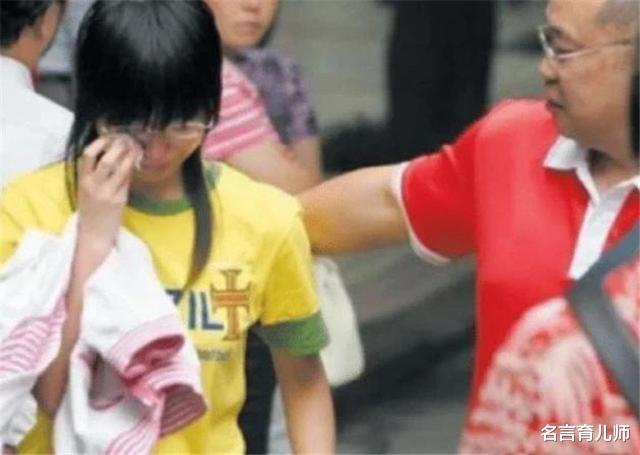 「」高考因紧张忘涂答题卡，直接给监考老师下跪的女生，现状如何？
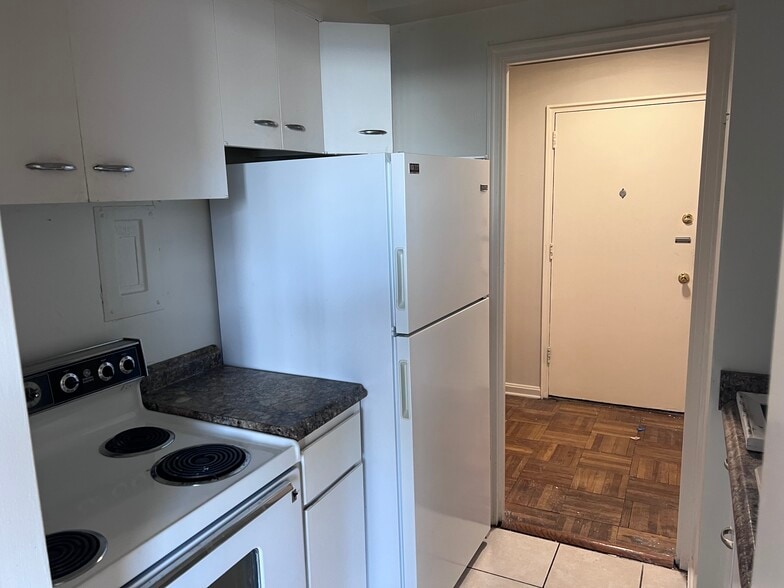 Kitchen - 11820 Edgewater Dr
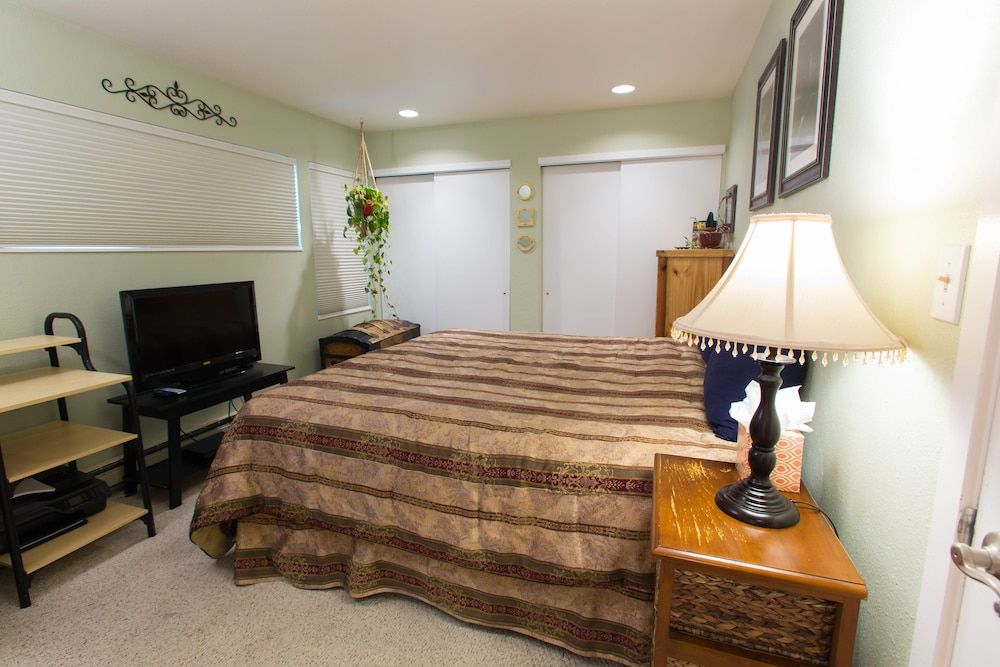 Apartment (2 Bedrooms)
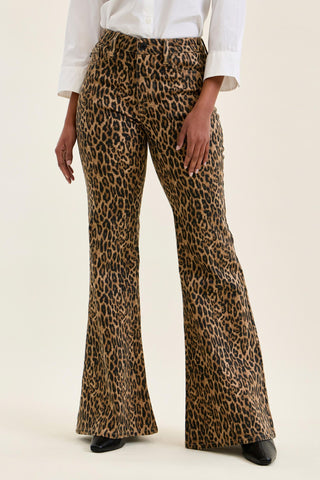 Judy Blue Mid Rise Leopard Luxe Jaqueline Flare Denim Jeans 881180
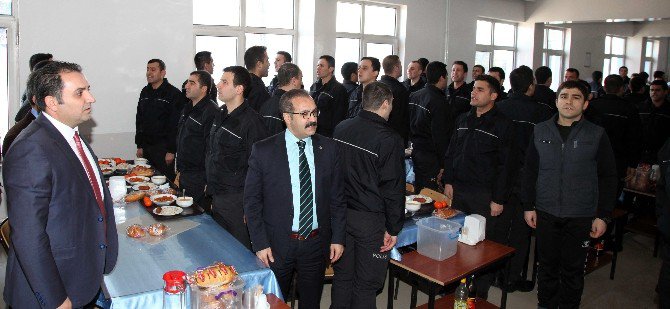 Rektör Gür’den Polis Adaylarına Çağrı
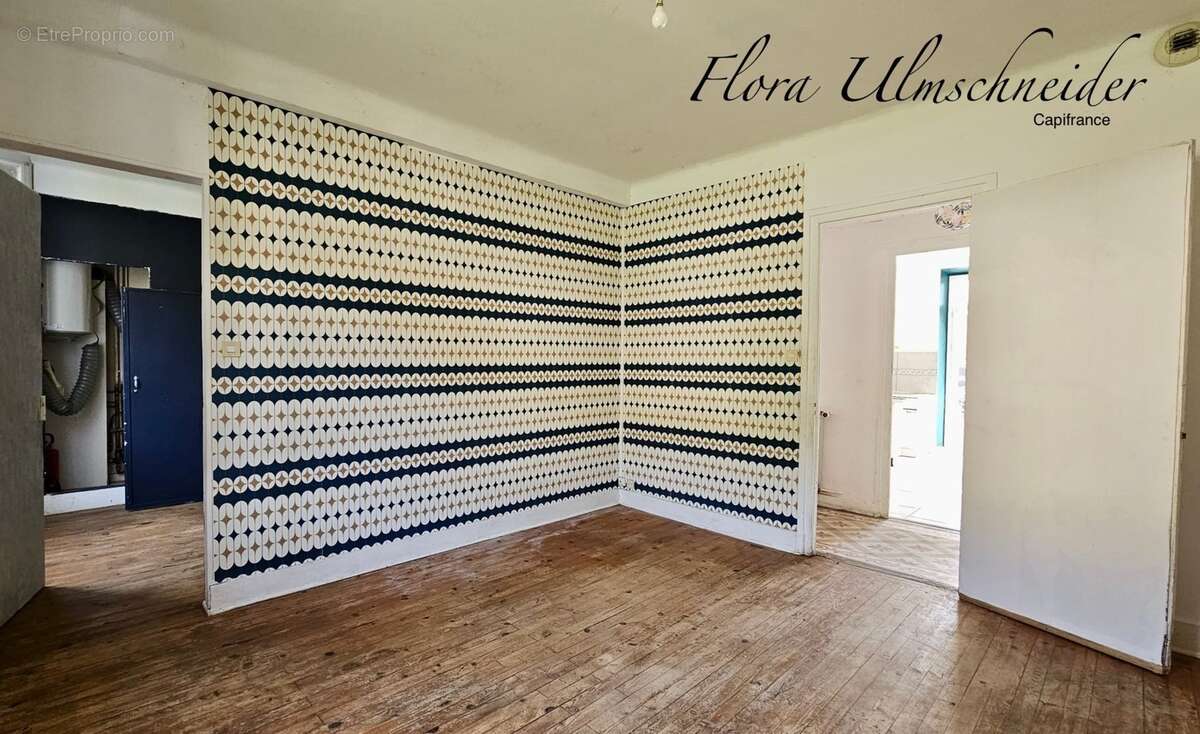 Au cœur du village de Chindrieux (73) – Ensemble immobilier avec appartement d'env. 134 m² à rénover, studio d'env. 32 m² rénové - photo 4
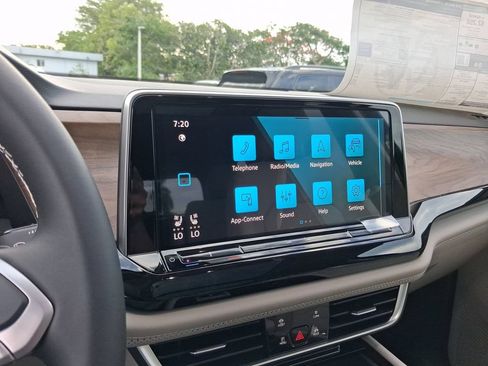 New 2026 Volkswagen Atlas SE FWD image 8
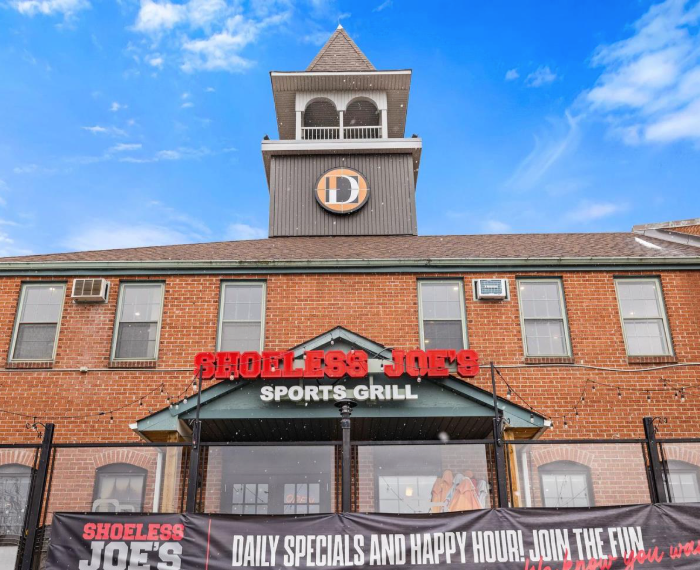 Sports Bar and Grill Restaurant for sale in Aurora Village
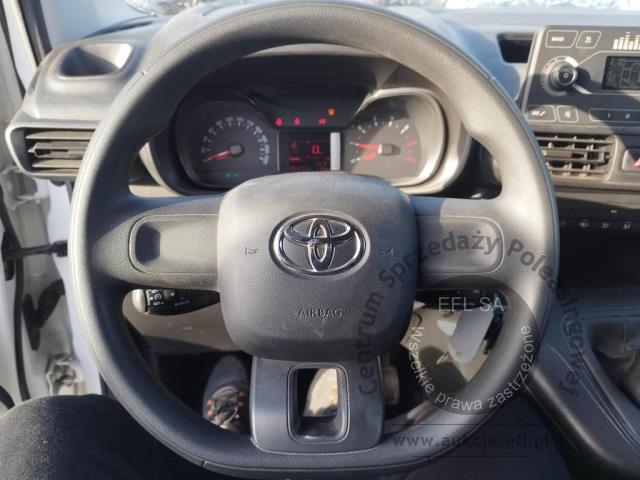 8 - Toyota  Proace City 2022r. DW7TX30 Pojazd znajduje się w firmie ARCTOS GROUP sp. z o.o. Al. Krakowska 7, 02-183 Warszawa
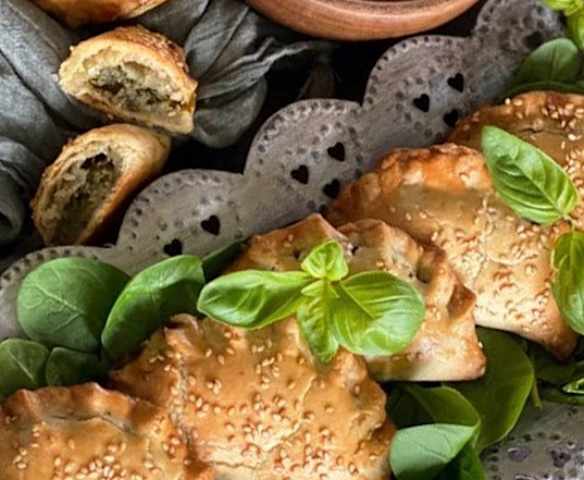 Empanadillas de calabaza, espinacas y cebolla caramelizada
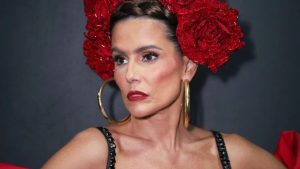 Camarote Nº1 agita Sapucaí em segunda noite de desfiles com presença de famosos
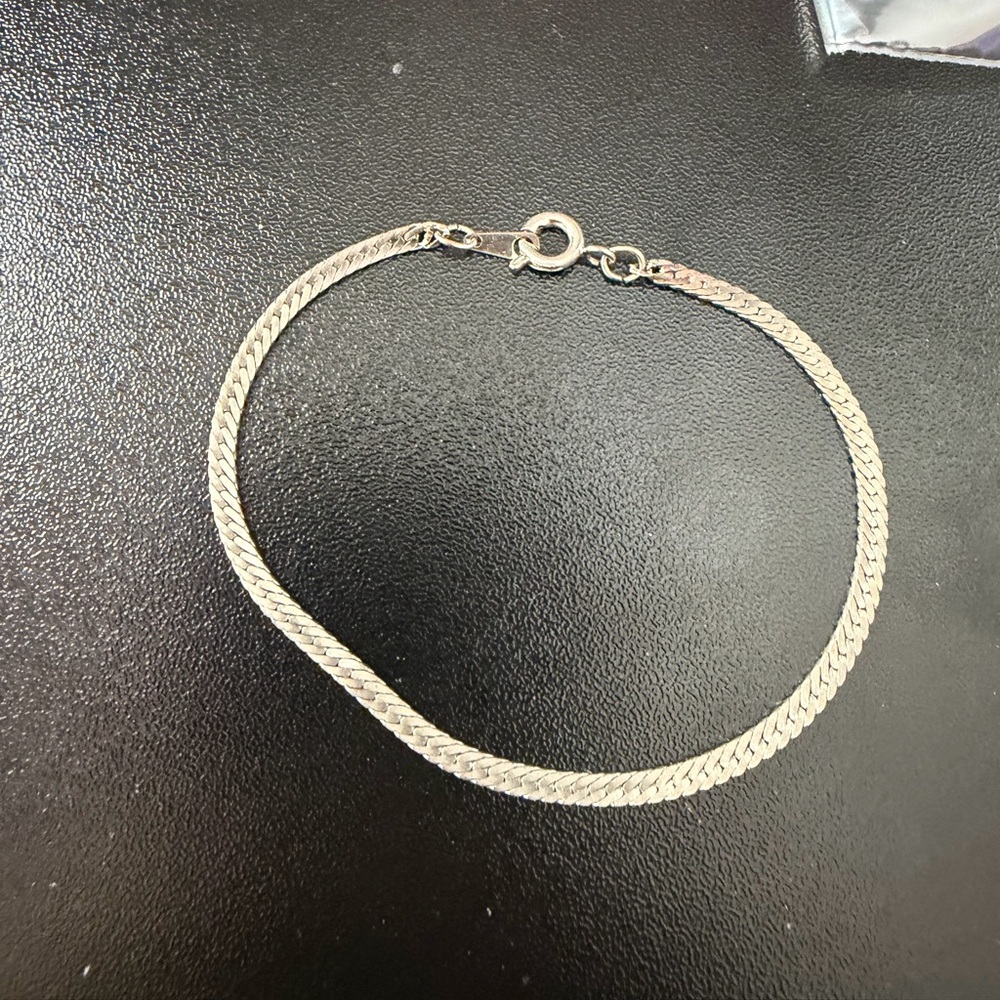 Silver Herringbone Chain Bracelet - Silver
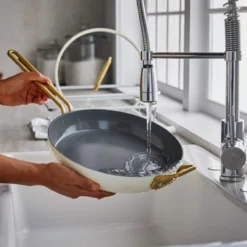 Stanley Tucci™<br> Ceramic Non-Stick 30CM Frypan With Lid | Carrara White -Chic Kitchen Utensils CC007802 102 Tucci Stanley Tucci Ceramic Non Stick 30cm Frypan with Lid Carrara White 6 91108a0e d2ae 4cdb 9827 8c441ecb7247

---+---

# EXERCISE GOAL
Restate word for word the lines starting at the one that contains "7, 02-183 Warszawa" and ending at the last line of the data. Skip every picture.

# RESPONSE TO THIS EXERCISE
 8 - Toyota  Proace City 2022r. DW7TX30 Pojazd znajduje się w firmie ARCTOS GROUP sp. z o.o. Al. Krakowska 7, 02-183 Warszawa
 Empanadillas de calabaza, espinacas y cebolla caramelizada
 Camarote Nº1 agita Sapucaí em segunda noite de desfiles com presença de famosos
 Silver Herringbone Chain Bracelet - Silver
 Stanley Tucci™<br> Ceramic Non-Stick 30CM Frypan With Lid | Carrara White -Chic Kitchen Utensils CC007802 102 Tucci Stanley Tucci Ceramic Non Stick 30cm Frypan with Lid Carrara White 6 91108a0e d2ae 4cdb 9827 8c441ecb7247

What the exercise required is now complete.